Правда, за все приходится платить, и за свое имперское величие Россия платила не просто отказом от развития своего экономического базиса – сельского хозяйства, но деградацией его основы – крестьянского двора.
Поэтому судьба этого феномена была предрешена: рано или поздно, но Российская Империя должна была рухнуть, лишившись своей экономической опоры. Причем это довольно ясно стало еще тогда, когда Империя находилась в положении максимальной силы. Крепостничество, как однозначный тормоз развития, беспокоил российское общество, по крайней мере, к конца XVIII века. Но предложить что-то иное для столь странного случая было невозможно.

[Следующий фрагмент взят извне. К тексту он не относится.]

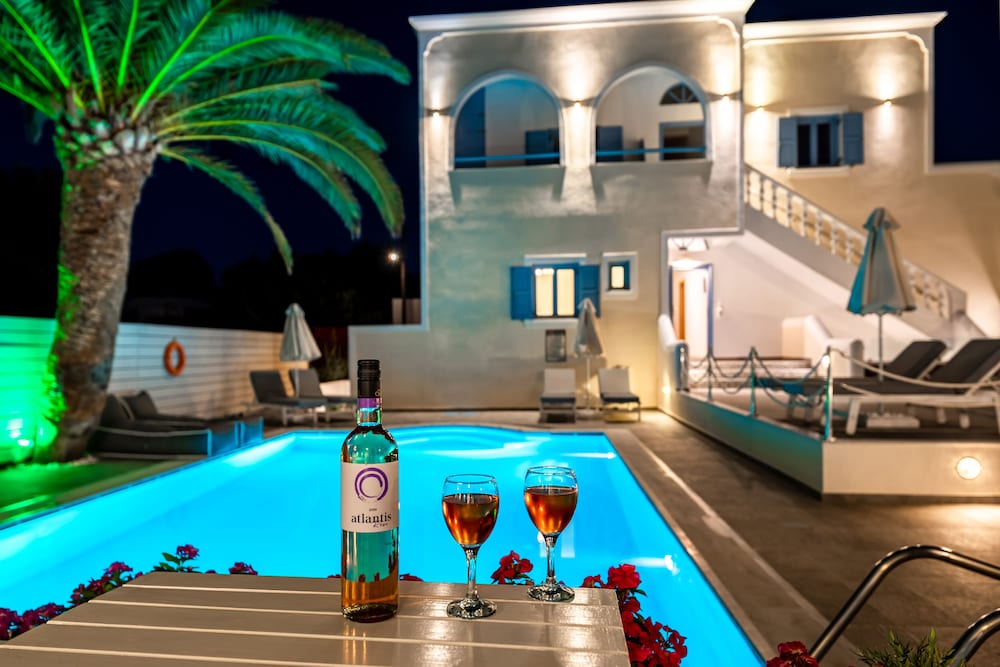 Stelios Place — Swimming pool in Perissa, South Aegean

Правда, после реформы Александра II была, вроде бы, надежда, что Россия сумеет обойти и эту проблемы, создав одновременно и массу освободившихся рабочих рук, и сохранив высокопроизводительное сельское хозяйство на базе помещичьих усадеб. Но эта надежда оказалась напрасной: ожидаемого роста капиталистической экономики не последовало. Помещичья усадьба, вопреки всем ожиданиям, не смогла переродиться в буржуазную ферму. Наиболее распространённой судьбой бывших «дворянских гнезд» оказывалось не рост и модернизация, и разорение и деградация.
И беда тут не только в том, что русские помещики, почему-то, оказались неспособны к сельскохозяйственной деятельности. Как не странно, но вопреки распространённым стереотипам, они то как раз стремились к изучению современного хозяйства, выписывали соответствующие журналы и пытались закупать требуемое оборудование. И многие из них добывались на этот поприще успеха – правда, почти всегда в южных губерниях.
Другие же предпочитали сдавать свои земли крестьянам, и жить на ренту. Конечно, можно просто обвинить их в лености и неспособности к буржуазному труду – но тот же путь прошли землевладельцы Европы, с совершенно иным результатом. Впрочем, зачастую к разорению вел и тот, и другой путь. Причина тут простая и очевидная: та же бедность природных ресурсов. Уже сама проблема с урожайностью, которая колебалась из года в год, порой в несколько раз, способствовала тому, что любые сельхозэксперименты завершались одним – банкротством. Но был еще более важный фактор – это фактор труда.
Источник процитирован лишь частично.